Yes, Donald?
No dia da tomada de posse de Trump, o New York Times publicou um texto de opinião, de David Brooks, exprimindo a última das esperanças dos que consideram 8 de novembro de 2016 e 20 de janeiro de 2017 dias negros. Brooks diz que esteve a rever a série britânica Yes, Minister e que encontrou nela consolo - aquele que advém de acreditar que, como o snob, inamovível e deslumbrantemente cínico Sir Humphrey Appleby, o alto funcionário da ficção, os burocratas de Washington encontrarão uma forma de obviar à inépcia, ignorância, impulsos e ideias fascistas de Trump, numa espécie de última barreira civilizacional.
É uma pobre esperança, como a que tivemos após a eleição, quando nos agarramos à ideia de que o Trump da campanha era um "boneco", que a vitória lhe traria a gravitas que quase toda a gente quis desesperadamente lobrigar nas palavras daquela noite e que a retórica racista, sexista, nacionalista e obscurantista parava ali.
Mas, claro, não foi assim.

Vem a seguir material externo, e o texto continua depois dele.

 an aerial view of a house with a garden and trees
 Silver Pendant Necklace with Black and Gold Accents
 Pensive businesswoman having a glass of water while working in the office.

Apesar de ocasionalmente assegurar querer unir os americanos, o Trump pós 8 de novembro é, sem tirar nem pôr, o Trump da campanha. Quer nas escolhas para o governo quer nos tuites de bully inseguro, retorquindo a seja quem for que o critique, fazendo acusações não consubstanciadas (como a da existência de milhões de votos falsos por Hillary, em resposta ao facto de ela ter tido, no total nacional, quase mais três milhões que ele) ou comparando os serviços secretos americanos à "Alemanha nazi", quer nos pronunciamentos institucionais. A primeira conferência de imprensa de presidente eleito foi um misto de arruaça e comício, com a sua gente a aplaudir quando mandava calar um repórter da CNN ou mandava bocas à BBC; na tomada de posse vogou entre a retórica guerreira, divisionista e revanchista, o nacionalismo extremado e o auto-elogio - como nos seus discursos de campanha. Conseguiu até ser insultuoso em relação aos ex presidentes presentes, assim como aos restantes políticos (incluindo, claro, os republicanos), ao acusá-los de só se preocuparem com o seu bem-estar e de nunca terem representado o povo.

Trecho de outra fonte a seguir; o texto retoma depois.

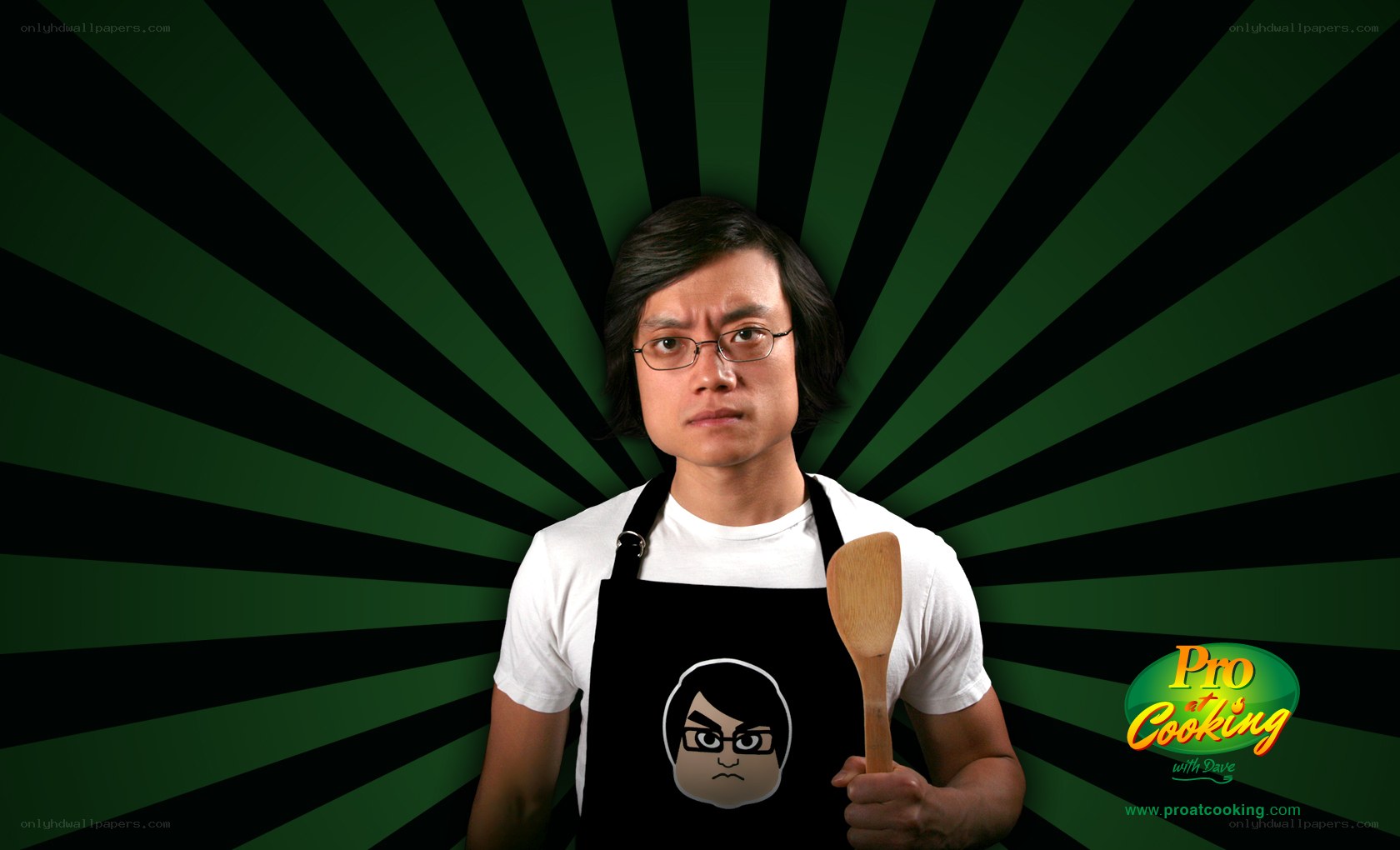 Man in apron with cooking spoon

Porque ele - o multimilionário a quem nunca se conheceu atividade cívica, que nunca deu a cara por qualquer causa relacionada com a desigualdade, que não permite acesso às suas declarações de impostos, que tem um historial de maltratar empregados e que convidou outros multimilionários e representantes da cúpula do establishment financeiro e empresarial para o governo - assevera ser, com a sua administração, o primeiro verdadeiro representante do povo a ocupar a Casa Branca. Em linha, aliás, com a sua resposta , na última entrevista, sobre quem são os seus heróis: falou das suas qualidades de negociante e vendedor. Ou o único herói de Trump é Trump ou os seus heróis são, até para alguém tão desbocado, inomináveis; qualquer das alternativas é um desastre.

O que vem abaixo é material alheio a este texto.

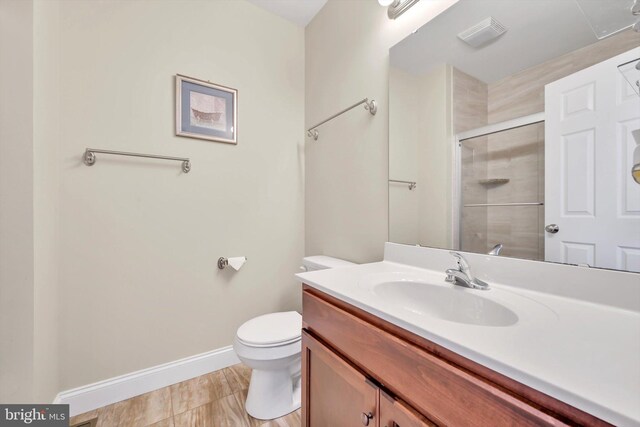 118 Connecticut Ave, Sinking Spring, PA 19608 - full bath featuring vanity, toilet, a stall shower, and baseboards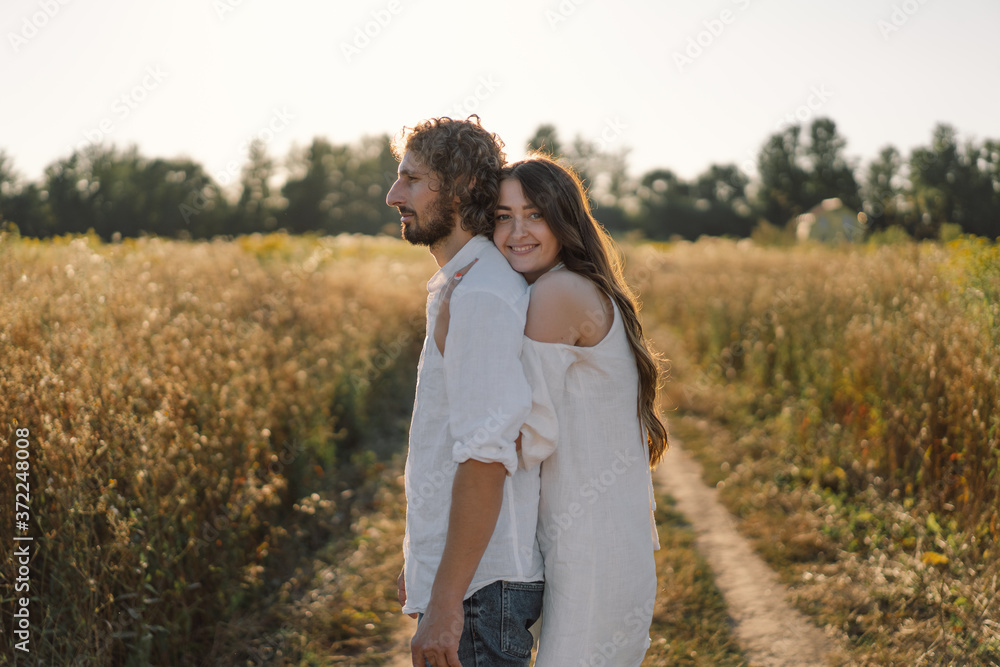 Happy summer. A loving couple together in nature. Happy vacation. Family recreation. Enjoyment and relaxation. Happy summer. A loving couple together in nature. Happy vacation. Family recreation. Enjoyment and relaxation.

Como desastre é que a única garantia, a única linha defensiva que resta (se resta) seja a que Brooks aponta: "o sistema". Aquele contra o qual - lembram-se? - Obama fez campanha, para depois garantir ser "muito mais forte do que imaginava"; aquele que, diz-se, boicota todas as "boas" tentativas de mudança, e que em todas as narrativas surge como uma espécie de corporação clandestina e sombria de gente sem rosto, os detentores do "verdadeiro poder". É aqui que estamos: no momento em que talvez tenhamos de depositar a nossa última esperança na ideia de que um poder não democrático vai obviar à loucura do poder democraticamente eleito.
Não, Obama, um momento assim não é uma vírgula na caminhada da história. Não sei se há um sinal ortográfico para isto.